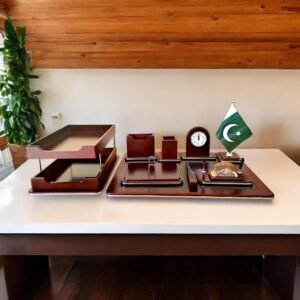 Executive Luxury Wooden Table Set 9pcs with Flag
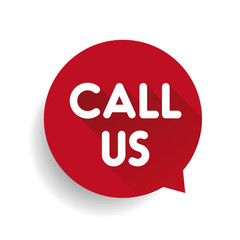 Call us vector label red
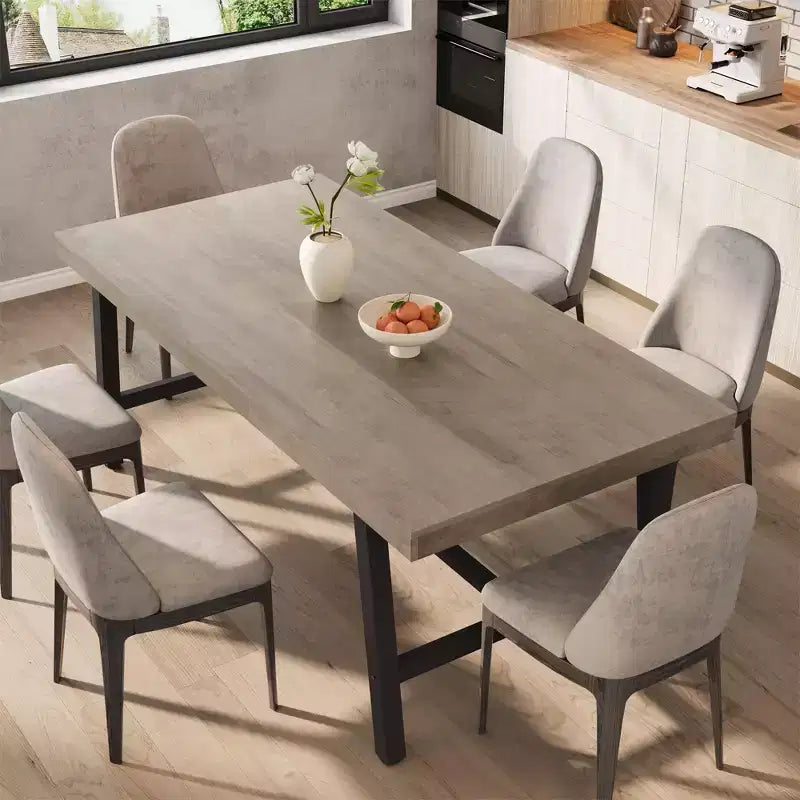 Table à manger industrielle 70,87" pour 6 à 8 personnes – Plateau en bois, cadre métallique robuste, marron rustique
◇ ◇ ◇ ◇ ◇
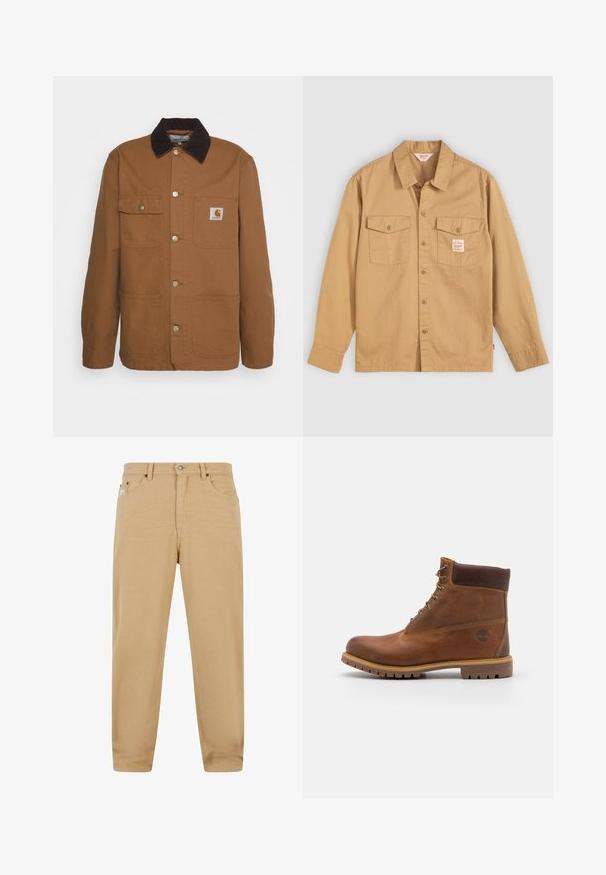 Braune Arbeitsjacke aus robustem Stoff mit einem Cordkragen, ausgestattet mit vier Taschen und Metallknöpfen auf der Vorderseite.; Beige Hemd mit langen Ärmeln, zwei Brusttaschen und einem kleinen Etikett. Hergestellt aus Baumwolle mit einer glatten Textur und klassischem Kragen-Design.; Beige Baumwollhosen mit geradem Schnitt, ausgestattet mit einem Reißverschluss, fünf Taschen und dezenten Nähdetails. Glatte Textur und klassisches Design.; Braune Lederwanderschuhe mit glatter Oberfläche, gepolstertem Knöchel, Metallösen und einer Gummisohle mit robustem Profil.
◇ ◇ ◇ ◇ ◇
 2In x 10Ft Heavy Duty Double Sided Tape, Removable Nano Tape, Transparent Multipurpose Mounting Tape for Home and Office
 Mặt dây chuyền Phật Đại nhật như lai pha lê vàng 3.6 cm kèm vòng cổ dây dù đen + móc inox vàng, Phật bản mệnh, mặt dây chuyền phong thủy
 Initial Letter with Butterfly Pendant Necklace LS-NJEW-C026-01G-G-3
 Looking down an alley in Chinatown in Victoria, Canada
◇ ◇ ◇ ◇ ◇
What this task involves: An exact, complete copy of the lines above from the one with "Mặt dây chuyền Phật" through the one with "Looking down an" is the whole answer.

Response:
 Mặt dây chuyền Phật Đại nhật như lai pha lê vàng 3.6 cm kèm vòng cổ dây dù đen + móc inox vàng, Phật bản mệnh, mặt dây chuyền phong thủy
 Initial Letter with Butterfly Pendant Necklace LS-NJEW-C026-01G-G-3
 Looking down an alley in Chinatown in Victoria, Canada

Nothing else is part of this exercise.